[SUPPLIED INFORMATION]
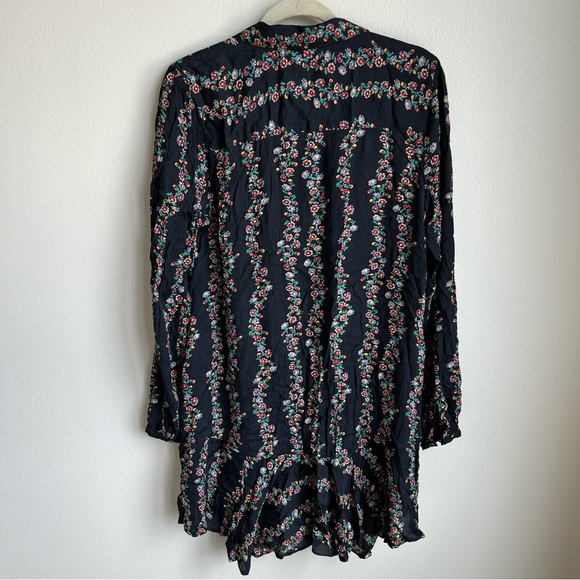 Free People Floral Black Long Sleeve Button Down Mini Dress, Size M - Picture 10 of 10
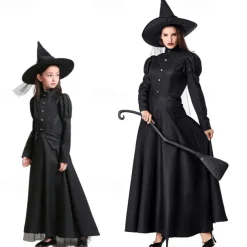 Witch Dress Cosplay Costume Hat Kid's Adults' Women's Girls' Halloween Carnival Masquerade Easy Carnival Costume for Walpurgis Night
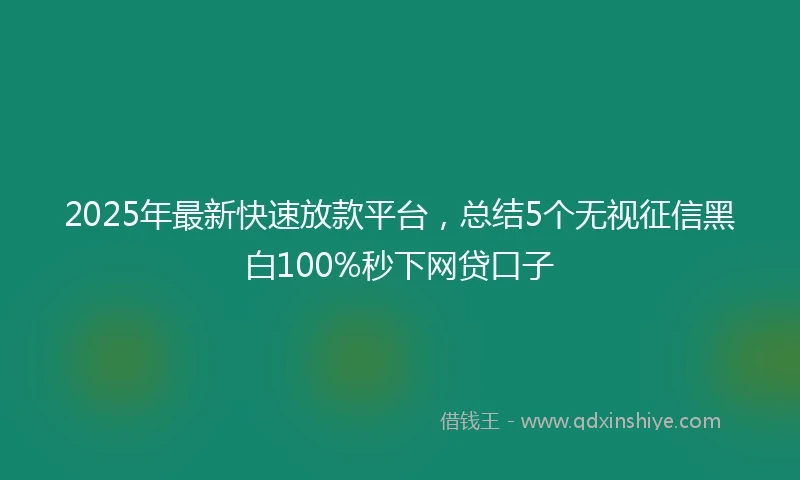 2025年最新快速放款平台，总结5个无视征信黑白100%秒下网贷口子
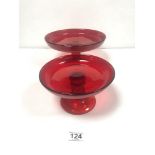 TWO RUBY GLASS CAKE STANDS, 26CMS DIAMETER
[/SUPPLIED INFORMATION]
▶ [WORK TO BE COMPLETED] Once the images are removed, print the remaining data exactly as it appears above.

▶ [EXERCISE OUTPUT]
 Free People Floral Black Long Sleeve Button Down Mini Dress, Size M - Picture 10 of 10
 Witch Dress Cosplay Costume Hat Kid's Adults' Women's Girls' Halloween Carnival Masquerade Easy Carnival Costume for Walpurgis Night
 2025年最新快速放款平台，总结5个无视征信黑白100%秒下网贷口子
 TWO RUBY GLASS CAKE STANDS, 26CMS DIAMETER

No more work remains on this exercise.